- Born: March 16, 1943 Zuizan, Chūseinan-dō, Korea, Empire of Japan (present-day Seosan, South Chungcheong Province, South Korea)
- Died: April 16, 2005 (aged 62) Gangnam District, Seoul, South Korea
- Other name: Kim Moo-saeng
- Education: Dongguk University
- Occupation: Actor
- Years active: 1963–2004
- Spouse: Kim Ui-sook
- Children: 2, including Joo-hyuk

Korean name
- Hangul: 김무생
- Hanja: 金茂生
- RR: Gim Musaeng
- MR: Kim Musaeng

= Kim Mu-saeng =

South Korean actor (1943–2005)

Kim Mu-saeng (16 March 1943 – 16 April 2005) was a South Korean actor.
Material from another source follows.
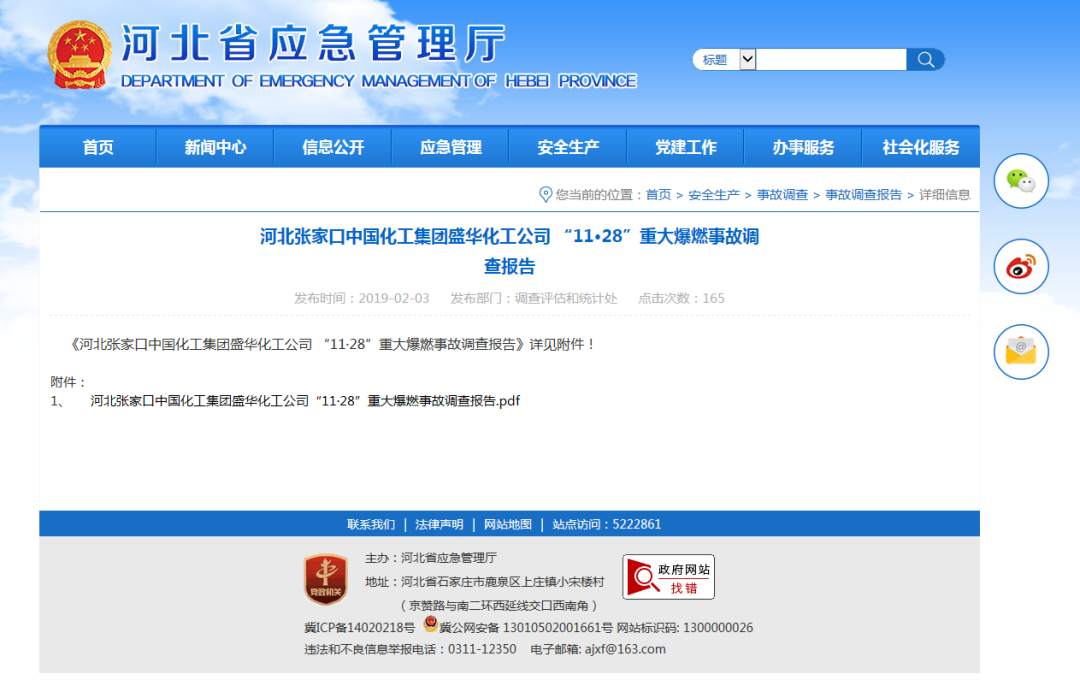 張家口致24死重大爆燃事故調(diào)查報(bào)告發(fā)布：涉事公司瞞報(bào)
==Early life and education==
Kim was born in the town of Daesan in March 1943. He studied at Dongguk University in Seoul, beginning his career as a voice actor for Tongyang Broadcasting Company (now KBS) in 1963.

==Career==
Kim made his on-screen acting debut in 1969, and went on to make over 100 appearances in film and television, his final role being in the television drama series Save the Last Dance for Me, which ended on 2 January 2005. In 2004, Kim appeared in a television commercial with his youngest son Kim Joo-hyuk, who was also an actor.

==Personal life==
In July 2004, Kim travelled to a Mount Kumgang resort in North Korea for the tenth round of inter-Korean family reunions, where he met his maternal uncle Jang Gyeong-su.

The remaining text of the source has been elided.